In the entries below, find every line holding the string "smiling" and collect it.

[Supplied material]

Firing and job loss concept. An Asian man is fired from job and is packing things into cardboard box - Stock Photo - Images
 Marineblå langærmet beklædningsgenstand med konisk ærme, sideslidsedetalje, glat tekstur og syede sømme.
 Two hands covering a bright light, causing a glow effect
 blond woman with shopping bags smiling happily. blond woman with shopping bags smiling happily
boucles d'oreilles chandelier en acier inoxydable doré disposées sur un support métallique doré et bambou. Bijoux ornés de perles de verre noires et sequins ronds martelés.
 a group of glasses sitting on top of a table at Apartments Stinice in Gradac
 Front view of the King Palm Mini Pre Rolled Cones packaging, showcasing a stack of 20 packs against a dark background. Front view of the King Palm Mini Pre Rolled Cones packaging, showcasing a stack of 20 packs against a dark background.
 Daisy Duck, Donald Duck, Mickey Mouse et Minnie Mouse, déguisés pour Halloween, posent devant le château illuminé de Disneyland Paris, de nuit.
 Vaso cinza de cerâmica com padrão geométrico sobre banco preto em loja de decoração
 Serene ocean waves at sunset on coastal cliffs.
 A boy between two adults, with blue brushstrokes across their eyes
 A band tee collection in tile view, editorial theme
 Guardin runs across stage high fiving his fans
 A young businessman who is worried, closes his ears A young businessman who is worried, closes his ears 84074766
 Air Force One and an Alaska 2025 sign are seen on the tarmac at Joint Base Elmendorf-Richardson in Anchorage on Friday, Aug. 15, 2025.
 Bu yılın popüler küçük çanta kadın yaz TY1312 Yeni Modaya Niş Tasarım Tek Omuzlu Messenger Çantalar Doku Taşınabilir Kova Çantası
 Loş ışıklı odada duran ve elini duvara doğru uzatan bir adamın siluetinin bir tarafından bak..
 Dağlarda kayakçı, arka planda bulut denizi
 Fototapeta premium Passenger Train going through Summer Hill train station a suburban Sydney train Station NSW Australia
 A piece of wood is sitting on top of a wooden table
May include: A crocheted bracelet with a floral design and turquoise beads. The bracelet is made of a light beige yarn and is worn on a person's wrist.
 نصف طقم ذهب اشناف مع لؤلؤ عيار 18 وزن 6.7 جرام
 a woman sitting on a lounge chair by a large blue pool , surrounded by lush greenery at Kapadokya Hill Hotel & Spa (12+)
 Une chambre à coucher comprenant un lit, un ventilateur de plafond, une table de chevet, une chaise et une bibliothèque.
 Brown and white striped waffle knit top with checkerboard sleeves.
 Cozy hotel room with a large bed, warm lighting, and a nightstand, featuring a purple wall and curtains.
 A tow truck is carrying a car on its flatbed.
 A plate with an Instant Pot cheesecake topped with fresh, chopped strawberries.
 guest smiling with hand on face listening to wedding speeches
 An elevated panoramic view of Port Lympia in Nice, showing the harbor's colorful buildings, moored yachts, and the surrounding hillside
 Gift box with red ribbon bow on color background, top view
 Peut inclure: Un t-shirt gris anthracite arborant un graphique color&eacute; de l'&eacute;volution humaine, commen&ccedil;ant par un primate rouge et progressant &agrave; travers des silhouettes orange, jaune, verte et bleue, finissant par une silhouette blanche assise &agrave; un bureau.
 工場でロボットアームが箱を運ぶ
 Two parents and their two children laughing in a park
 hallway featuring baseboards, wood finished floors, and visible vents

[/Supplied material]

Task response:
 blond woman with shopping bags smiling happily. blond woman with shopping bags smiling happily
 guest smiling with hand on face listening to wedding speeches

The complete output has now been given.